Exact copy, pictures excluded: the lines from the one containing "Nice lazy day x" to the end of the listing.

====== Given entries ======

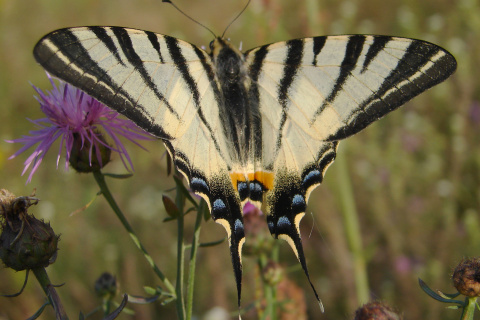 Iphiclides podalirius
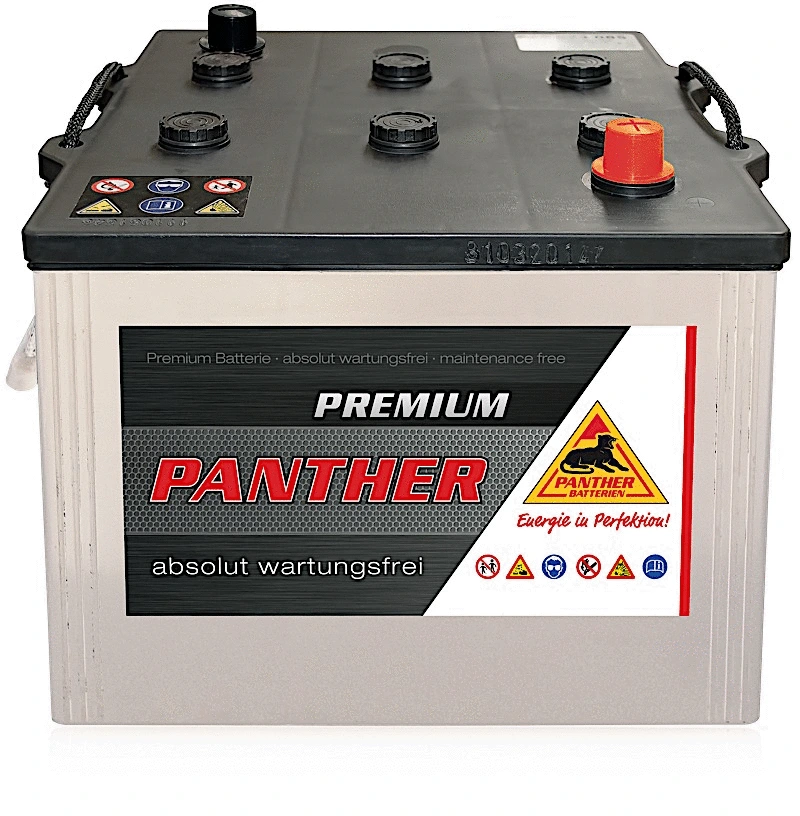 SB.6252300 PANTHER Стартерная аккумуляторная батарея (фото 1)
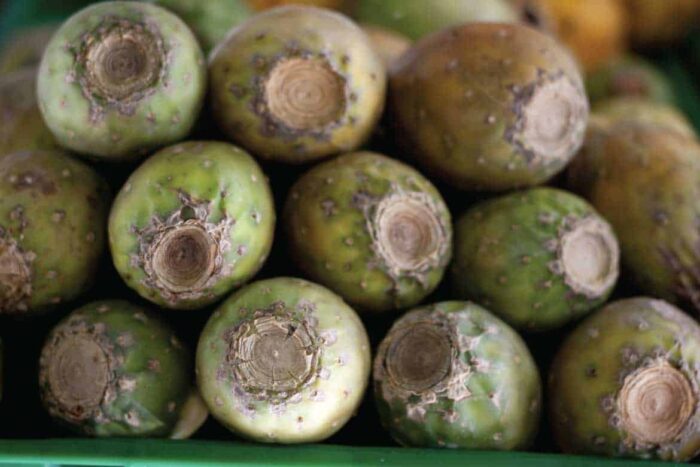 Cartagena street food tour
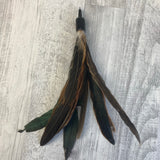 Rooster feather attachment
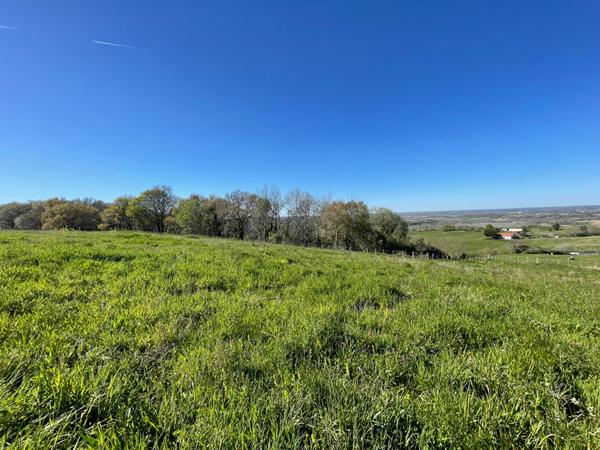Bidache - Vente Terrain - vue dégagée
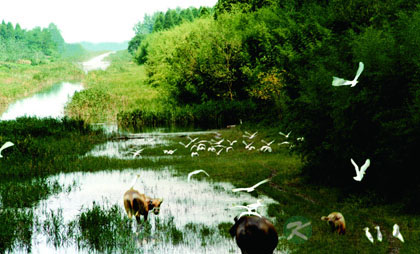 湿地与人类息息相关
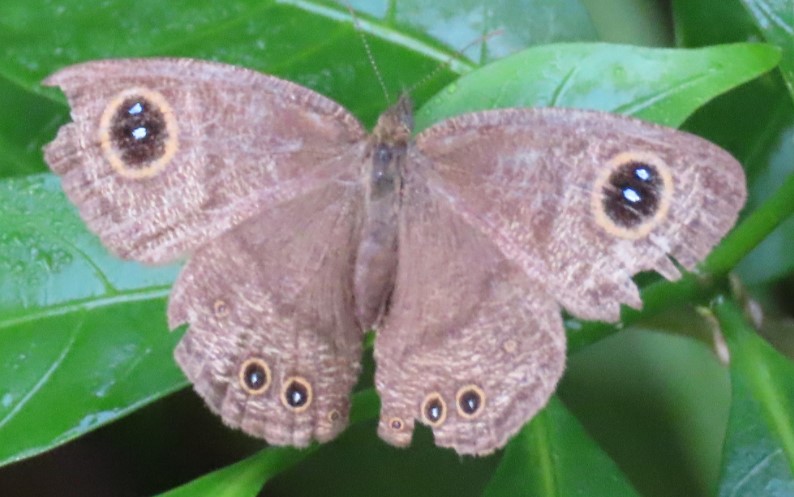 Common five ring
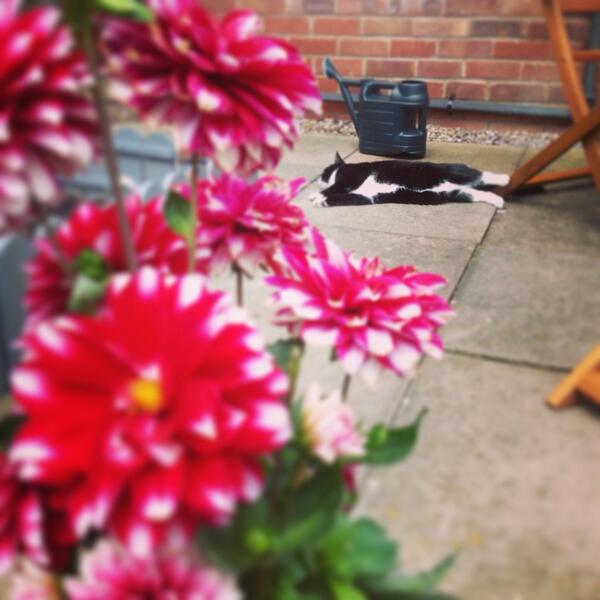 Nice lazy day x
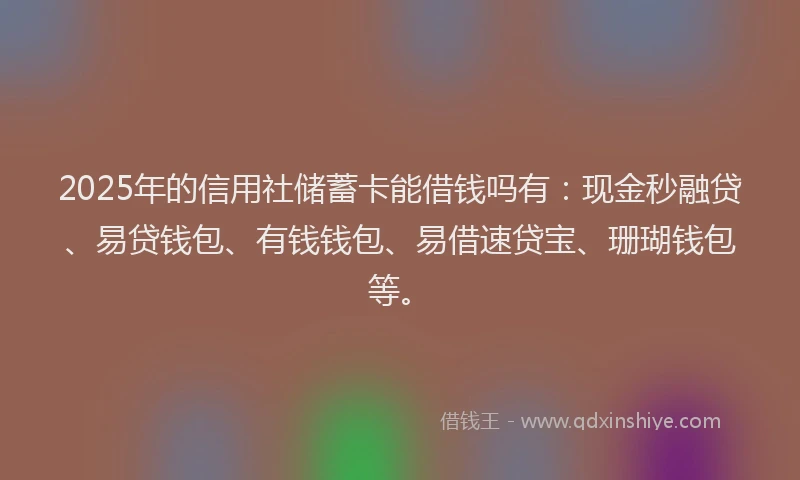 2025年的信用社储蓄卡能借钱吗有：现金秒融贷、易贷钱包、有钱钱包、易借速贷宝、珊瑚钱包等。
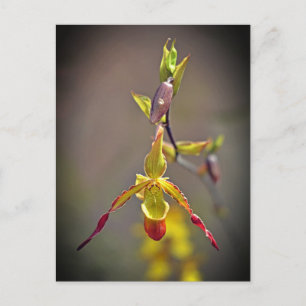 Postal Festiva Elegante Naranja Orquídea Amarilla Flor Botánica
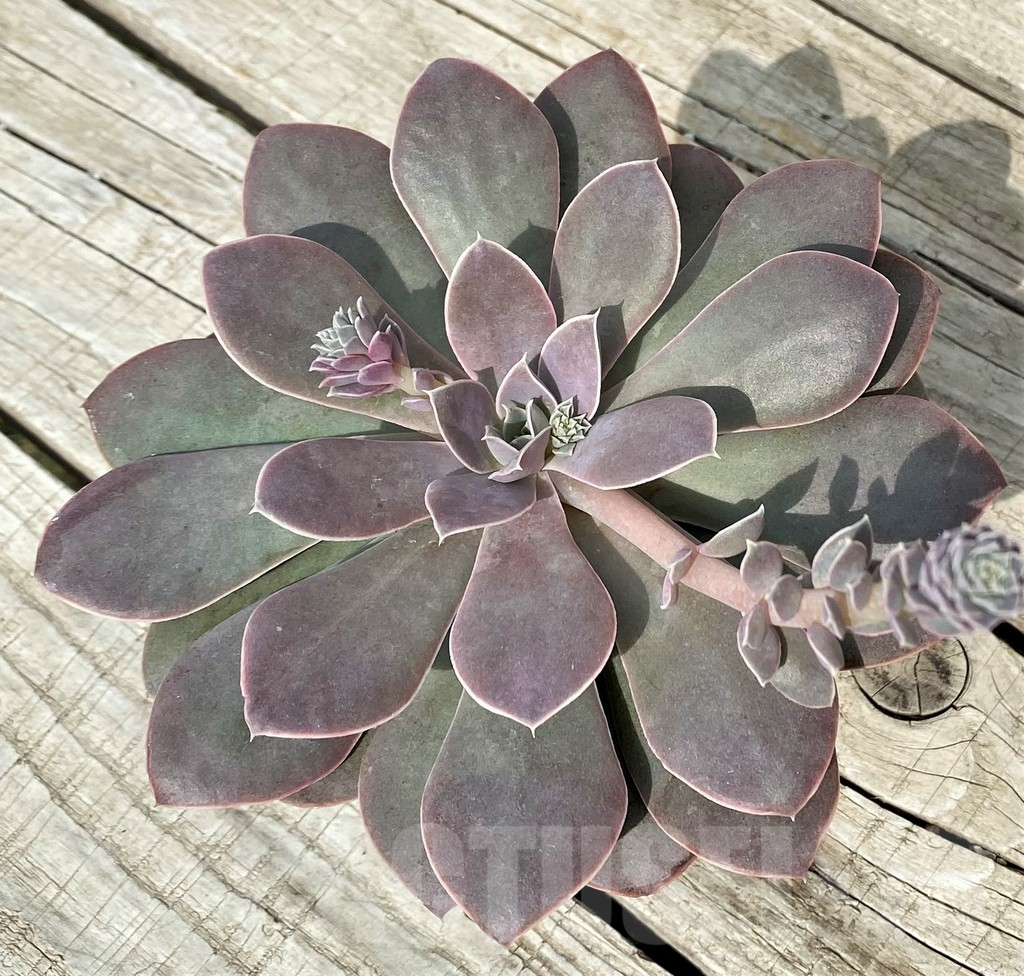SH17896 Echeveria 'Perle Von Nurnberg' x ? - Image 2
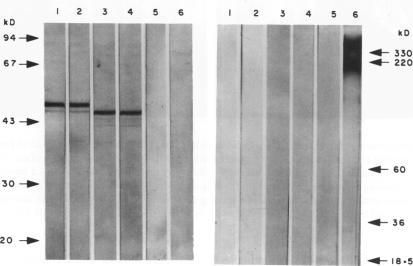 https://cdn.ncbi.nlm.nih.gov/pmc/blobs/17fd/1534213/f358ab26855a/clinexpimmunol00013-0011-a.jpg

======

● **Problem solution**:
 Nice lazy day x
 2025年的信用社储蓄卡能借钱吗有：现金秒融贷、易贷钱包、有钱钱包、易借速贷宝、珊瑚钱包等。
 Postal Festiva Elegante Naranja Orquídea Amarilla Flor Botánica
SH17896 Echeveria 'Perle Von Nurnberg' x ? - Image 2
 https://cdn.ncbi.nlm.nih.gov/pmc/blobs/17fd/1534213/f358ab26855a/clinexpimmunol00013-0011-a.jpg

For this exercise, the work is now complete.